When conversation history grows beyond 10-20 messages, switch to vector-based retrieval. Pass only semantically relevant context to agents.

✅ Update state async when possible

Return agent response immediately, update database in background. Use transactions only when atomicity matters.

✅ Consider event sourcing for critical workflows

For compliance, debugging, or audit trails, event sourcing gives you complete history of all state changes.

Production Considerations

1. Token Economics of State

Every byte of state you pass to agents costs tokens. Optimize ruthlessly.

Token cost examples:

  • Entire conversation history (20 messages): ~2,000 tokens = $0.006/request @ Claude 3.5 Sonnet
  • Vector search (top 5 relevant messages): ~500 tokens = $0.0015/request
  • Minimal context (user ID + intent): ~50 tokens = $0.00015/request

💰 At 1M requests/month: Minimal context saves $5,850/month vs full history

2. State Cleanup

Implement automated cleanup to prevent unbounded state growth.
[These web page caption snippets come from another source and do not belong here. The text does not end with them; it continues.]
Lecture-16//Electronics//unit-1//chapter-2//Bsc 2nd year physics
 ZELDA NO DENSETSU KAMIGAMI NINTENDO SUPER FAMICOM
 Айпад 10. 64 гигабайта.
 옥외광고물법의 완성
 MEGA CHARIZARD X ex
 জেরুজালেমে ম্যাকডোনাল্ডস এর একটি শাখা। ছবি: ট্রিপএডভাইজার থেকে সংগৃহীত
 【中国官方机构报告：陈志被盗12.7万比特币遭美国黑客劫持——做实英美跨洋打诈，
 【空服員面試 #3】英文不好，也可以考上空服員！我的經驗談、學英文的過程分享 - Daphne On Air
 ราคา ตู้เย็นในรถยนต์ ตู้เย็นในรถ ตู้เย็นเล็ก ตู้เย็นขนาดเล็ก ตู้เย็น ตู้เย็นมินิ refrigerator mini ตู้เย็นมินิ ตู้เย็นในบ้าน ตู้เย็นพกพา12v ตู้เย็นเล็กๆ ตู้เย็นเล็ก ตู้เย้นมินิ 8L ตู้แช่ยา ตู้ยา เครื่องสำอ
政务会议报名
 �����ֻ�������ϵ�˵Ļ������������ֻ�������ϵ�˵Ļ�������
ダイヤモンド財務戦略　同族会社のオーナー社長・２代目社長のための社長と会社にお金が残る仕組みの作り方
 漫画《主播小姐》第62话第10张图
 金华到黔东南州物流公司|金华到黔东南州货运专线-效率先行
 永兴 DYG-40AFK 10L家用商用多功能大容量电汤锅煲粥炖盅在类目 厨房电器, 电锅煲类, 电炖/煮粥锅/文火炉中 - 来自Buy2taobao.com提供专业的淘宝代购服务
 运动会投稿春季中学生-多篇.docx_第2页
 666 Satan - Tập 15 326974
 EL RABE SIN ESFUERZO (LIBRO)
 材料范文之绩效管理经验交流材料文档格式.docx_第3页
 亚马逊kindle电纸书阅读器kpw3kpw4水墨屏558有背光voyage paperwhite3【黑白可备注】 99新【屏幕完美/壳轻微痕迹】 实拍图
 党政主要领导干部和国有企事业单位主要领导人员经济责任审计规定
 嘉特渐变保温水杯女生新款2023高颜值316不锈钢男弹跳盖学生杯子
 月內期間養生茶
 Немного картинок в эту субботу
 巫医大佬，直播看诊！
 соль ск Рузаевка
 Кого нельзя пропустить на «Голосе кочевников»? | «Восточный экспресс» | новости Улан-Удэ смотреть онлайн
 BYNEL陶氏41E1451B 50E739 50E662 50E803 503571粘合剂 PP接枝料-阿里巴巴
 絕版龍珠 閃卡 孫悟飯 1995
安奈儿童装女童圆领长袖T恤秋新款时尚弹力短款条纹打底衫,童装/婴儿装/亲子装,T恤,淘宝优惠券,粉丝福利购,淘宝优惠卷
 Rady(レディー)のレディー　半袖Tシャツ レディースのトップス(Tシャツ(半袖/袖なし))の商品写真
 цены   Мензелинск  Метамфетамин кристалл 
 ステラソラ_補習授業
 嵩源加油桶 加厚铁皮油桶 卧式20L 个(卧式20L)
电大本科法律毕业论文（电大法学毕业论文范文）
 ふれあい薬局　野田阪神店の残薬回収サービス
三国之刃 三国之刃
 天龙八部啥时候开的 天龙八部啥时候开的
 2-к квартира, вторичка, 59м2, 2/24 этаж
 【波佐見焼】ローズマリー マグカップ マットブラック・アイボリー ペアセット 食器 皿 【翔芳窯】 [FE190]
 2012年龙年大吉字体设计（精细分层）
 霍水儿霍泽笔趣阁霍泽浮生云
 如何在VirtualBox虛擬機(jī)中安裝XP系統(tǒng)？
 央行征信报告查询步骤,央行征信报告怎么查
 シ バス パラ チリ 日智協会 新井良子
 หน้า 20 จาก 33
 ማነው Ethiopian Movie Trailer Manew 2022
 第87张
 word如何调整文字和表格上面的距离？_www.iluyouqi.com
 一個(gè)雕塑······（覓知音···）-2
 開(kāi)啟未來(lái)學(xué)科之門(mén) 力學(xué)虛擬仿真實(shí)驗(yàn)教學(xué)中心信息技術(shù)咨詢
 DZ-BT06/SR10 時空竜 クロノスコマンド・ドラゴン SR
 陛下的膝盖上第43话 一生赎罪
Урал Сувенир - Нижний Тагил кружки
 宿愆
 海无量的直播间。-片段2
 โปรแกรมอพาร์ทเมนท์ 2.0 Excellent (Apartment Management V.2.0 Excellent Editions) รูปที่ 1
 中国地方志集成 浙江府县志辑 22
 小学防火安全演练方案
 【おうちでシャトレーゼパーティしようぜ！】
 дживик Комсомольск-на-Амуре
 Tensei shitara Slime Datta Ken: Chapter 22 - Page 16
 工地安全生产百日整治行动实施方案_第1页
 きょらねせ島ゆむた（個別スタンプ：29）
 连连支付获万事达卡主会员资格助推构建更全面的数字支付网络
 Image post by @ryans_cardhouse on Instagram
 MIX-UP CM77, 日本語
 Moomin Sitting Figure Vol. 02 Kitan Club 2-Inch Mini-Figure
// Supabase cleanup job (run daily)
-- Delete session state older than 7 days
DELETE FROM agent_state
WHERE updated_at < NOW() - INTERVAL '7 days'
  AND session_id LIKE 'session-%';

-- Delete orphaned memories (no recent activity)
DELETE FROM agent_memory
WHERE session_id IN (
  SELECT DISTINCT session_id
  FROM agent_memory
  GROUP BY session_id
  HAVING MAX(created_at) < NOW() - INTERVAL '30 days'
);

-- Archive old events (keep last 90 days, archive rest)
INSERT INTO agent_events_archive
SELECT * FROM agent_events
WHERE timestamp < EXTRACT(EPOCH FROM NOW() - INTERVAL '90 days') * 1000;

DELETE FROM agent_events
WHERE timestamp < EXTRACT(EPOCH FROM NOW() - INTERVAL '90 days') * 1000;

3. State Monitoring

Track state size, access patterns, and performance impact.

Key metrics to monitor:

  • Average state size per session (bytes)
  • State access latency (Redis/Postgres read time)
  • State growth rate (MB/day)
  • Cache hit rate (if using Redis caching)
  • Token cost from state context ($/request)

Related Resources

Key Takeaways

  • State is memory, memory is identity. Without proper state management, you have stateless function calls, not intelligent agents.
  • Layer state by lifecycle: Ephemeral (in-memory), session (Redis), long-term (Postgres). Different data needs different storage.
  • Token economics matter: Full conversation history costs 10x more than vector search retrieval. Optimize what you pass to agents.
  • Use vector memory for semantic search: When history grows beyond 10-20 messages, switch to embedding-based retrieval.
  • Implement state cleanup: Set TTLs, run cleanup jobs, archive old data. Unbounded state growth kills performance.
  • Consider event sourcing for critical workflows: Full audit trail, debugging capability, compliance requirements all benefit from event-sourced state.